>> Forthcoming May 2015: Hensel, M. and Turko, J. 2015. Grounds and Envelopes - Rethinking Architecture and the Built Environment. London: Routledge.
If we are going to approach, as we must, a totality in the development of the environment, this will necessarily involve a re-examination and redefinition of all the components of the environment insofar as they are perceived and experienced by man.
Theodore Larson, Director and Founder of the Architecture Research Lab at University of Michigan
Dear friends and colleagues,
Performance-oriented Design is a research area dedicated to the formulation of an inclusive to design design based on the interaction between the different domains of agency that make up the human environment.
Performance-oriented Architecture, a subset of Performance-oriented Design, that engages the key concepts 'non-discrete architectures' and 'non-anthropocentric architectures'. The former seeks for a higher level intergration of architecture and environment that are locally specific and intesely embedded in their setting. The latter aims for an integration of ecology and urban ecology considerations on the scale of architecture.
Stage one of the research has been completed with the publication of Performance-oriented Architecture - Rethinking Architecture and the Built Environment, which sets the scene by outlining a number of traits of non-discrete and performance-oriented architecture.
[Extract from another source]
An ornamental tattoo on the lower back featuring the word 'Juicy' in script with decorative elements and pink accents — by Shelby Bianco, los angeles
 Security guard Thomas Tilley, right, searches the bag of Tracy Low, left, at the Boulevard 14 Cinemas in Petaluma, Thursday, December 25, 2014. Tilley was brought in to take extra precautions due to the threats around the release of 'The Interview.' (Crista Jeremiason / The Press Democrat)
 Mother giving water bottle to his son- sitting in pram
Stage two is currently under way and focuses on the definition of what we call intensely local architecture and local tectonics. This stage encompasses [i] the repositioning of the local in the context of current processes of globalisation, [ii] a redefinition of the notion of tectonics, and [iii] a detailed description of what may constitute intensely local architectures in todays context. Integral part of this stage is to show that the potential of so-called non-standard architecture with its associated design approach is not simply found in the fact that a wide range of architectural forms can be generated, but that architecture can be designed to relate and respond to the highly specific circumstances it meets in a particular location.